There has been increasing research being carried especially with regards to the second theme; the impact of HCWPs (Tamikin 2004; Beardwell et al 2004; Combs et al 2006) with the majority of the evidence pointing to HCWPs having a more positive link to both organisational productivity and financial performance over more traditional methods. It is illustrated amongst many research evidence that HCWPs lead to positive outcomes for employees as it leads to enhanced training and skills, greater staff commitment and higher earnings for many employees which in turn leads to greater productivity gains and profitability as these better employee conditions lead to a lower staff turnover, better teamwork and greater staff commitment (CIPD....), with many of these researchers pointing to an extensive use of HCWPs within the UK.

However, not all organisations within the UK are seen to have adopted HCWPs within their organisation, or they have adopted HCWPs but not extensively enough to thoroughly reap the benefits of those links of HCWPs to performance.
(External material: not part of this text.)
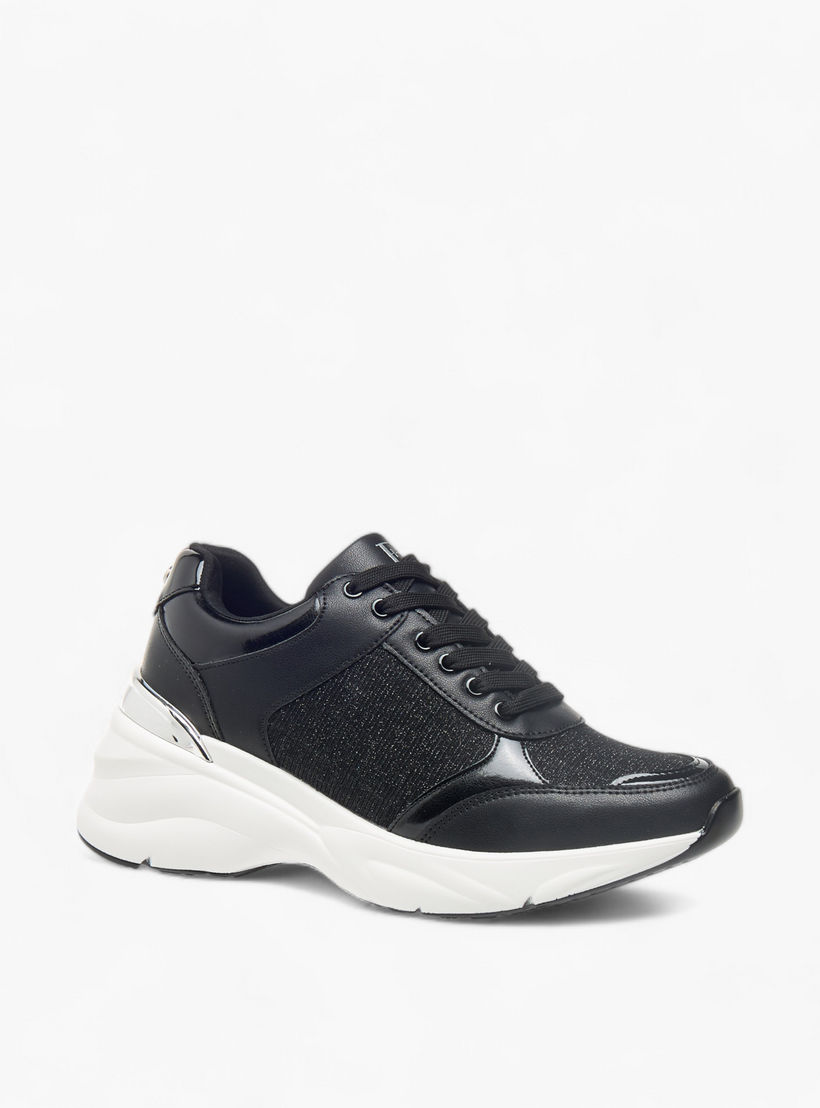 Flora Bella Glitter Textured Sneakers with Lace-Up Closure-women-shoes-sneakers-image-2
Many reasons have been given for this ranging from the implementation of just one or two of the HCWPs rather than 'bundles', the incorrect combination of HCWPs implemented into different organisational contexts. Reflecting the first theme noted in Bearwell et al 2004 earlier, one area which has prevailed is whether HCWPs have replaced the traditional methods of management. Within the UK many argue that traditional management methods still exist and follow scientific management methods (Combs, Lui, Hall, Ketchen 2006) not only this but in some cases organisations are using traditional methods such as job design to introduce HCWPs into the workplace, with Tamikin 2004 noting how in the UK less than a quarter of organisations adopt HCWPs to any significant context.

From this it can be seen that in order to thoroughly analyse the evidence which links HCWPs to organisational performance in the context of the UK an examination and reasoning of the use of traditional methods coupled with job designs based on principles of scientific management of HRM within the UK is required. To succeed in this in depth analysis four areas shall be followed. Firstly, an introduction to HRM models and practices; secondly a detailed analysis of the literature linking HPWPs to performance giving examples of organisations which have successfully adopted these; thirdly discussing the evidence that organisations are continuing to use traditional management style coupled with job designs based on principles of scientific management and finally looking at the reasoning why some organisations are continuing to do so, before concluding the degree to which HPWPs are in fact linked to performance.

To get an understanding of the HRM styles of management which are in use in the UK and their links to organisational performance and overview of HRM models and different styles of managements are needed as these will enable a more thorough understanding of HPWPS and traditional styles of management and also gives aids in understanding the reasoning why organisations are continuing with these traditional management methods. There are two main perspectives of HRM the unitarist perspective where there is the view that the goals and aims of the organisation stakeholders can be aligned and everyone within the organisation works together to achieve these goals, this perspective is closely associated with the Hard Model of HRM which as Beardwell et al 2004 states are the 'particular policies that stress the cost minimisation strategy' which is the deployment of people meet business objectives, labour is viewed s a resource. It is about the control of people to lower cost and the use of labour as a resource. These perspectives and models are more closely linked to those traditional and scientific control management methods which will be discussed later.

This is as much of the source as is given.